By way of brief background, cognitive radio is a paradigm for wireless communication in which either a network or a wireless node changes its transmission or reception parameters to communicate efficiently without interfering with licensed users. This alteration of parameters is based on actively monitoring several factors in the external and internal radio environment, such as radio frequency spectrum, user behavior and network state.
In cognitive radio systems, the unlicensed (secondary) users can use the licensed spectrum as long as the licensed (primary) user is absent at some particular time slot and some specific geographic location. However, when the primary user comes back and is present again, the secondary users should vacate the spectrum instantly to avoid interference with the primary user. Hence, continuous spectrum sensing is used to monitor the existence of the primary user. However, sensing performance for a cognitive user is degraded when the channel experiences fading and shadowing.
Accordingly, cooperative spectrum sensing has been proposed to exploit multiuser diversity in sensing process. Conventionally, cooperative sensing is performed in two successive stages: sensing and reporting. In the sensing stage, every cognitive user performs spectrum sensing individually. In the reporting stage, all the local sensing observations are reported to a common receiver and the common receiver makes a final decision on the absence or the presence of the primary user.

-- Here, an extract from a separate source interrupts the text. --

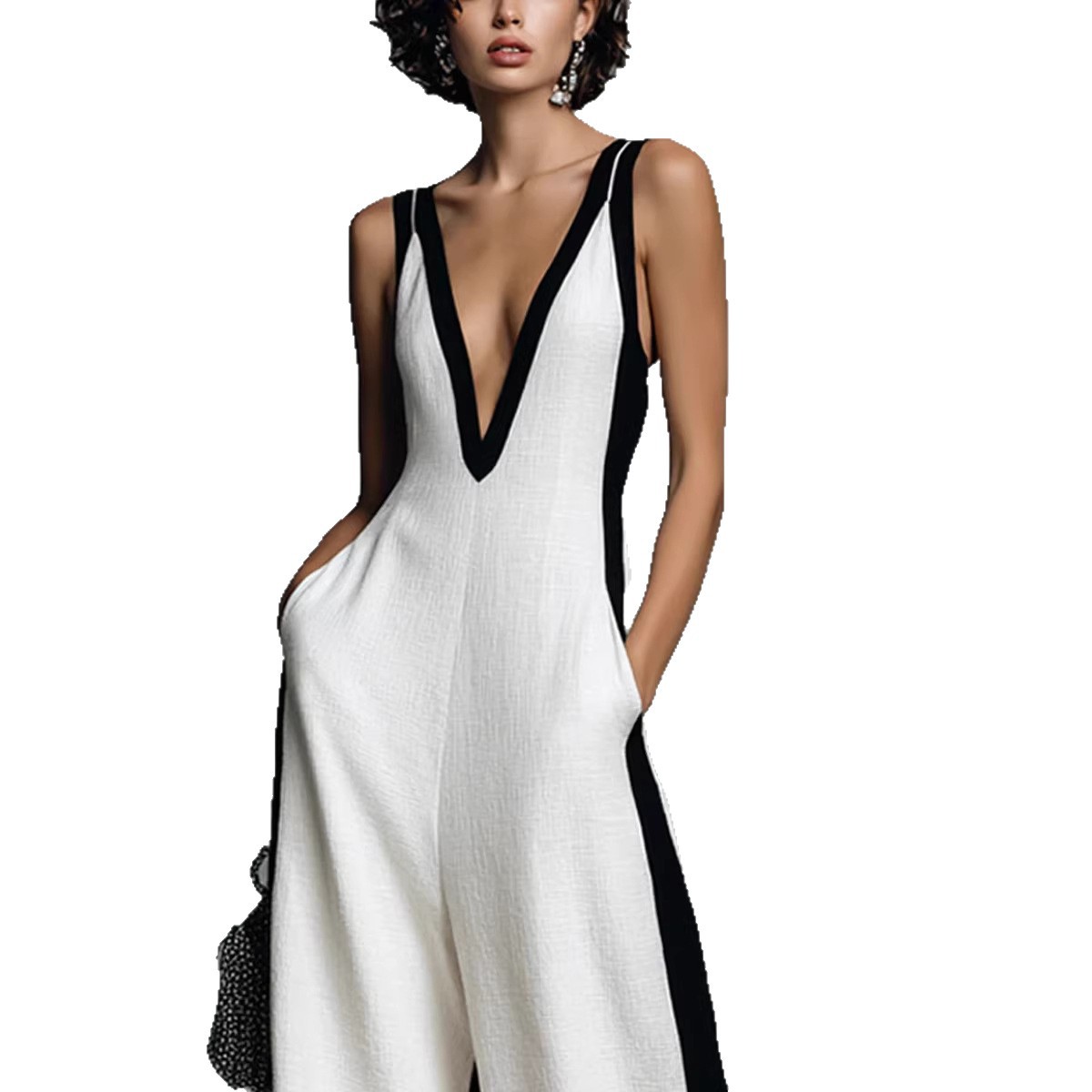 Sleeveless V-Neck Colorblock Wide-Leg Jumpsuit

Most existing systems focus on the case where observations are reported to the common receiver through perfect channels. However, this is impractical since the channels between the cognitive users and the common receiver are usually subject to fading. As mentioned, prior to accessing the licensed spectrum, cognitive users should detect whether the primary user is present or not. A variety of detection methods have been proposed thus far, but none that are optimal when it is assumed a priori knowledge of the primary user is unavailable.
Accordingly, improved systems and methods are desired for improving sensing performance for cooperative spectrum sensing in the presence of fading and shadowing without assuming a priori knowledge of the primary user. The above-described deficiencies of current designs are merely intended to provide an overview of some of the problems of today's designs, and are not intended to be exhaustive. Other problems with the state of the art of cognitive radio and corresponding benefits of the embodiments described herein may become further apparent upon review of the following description.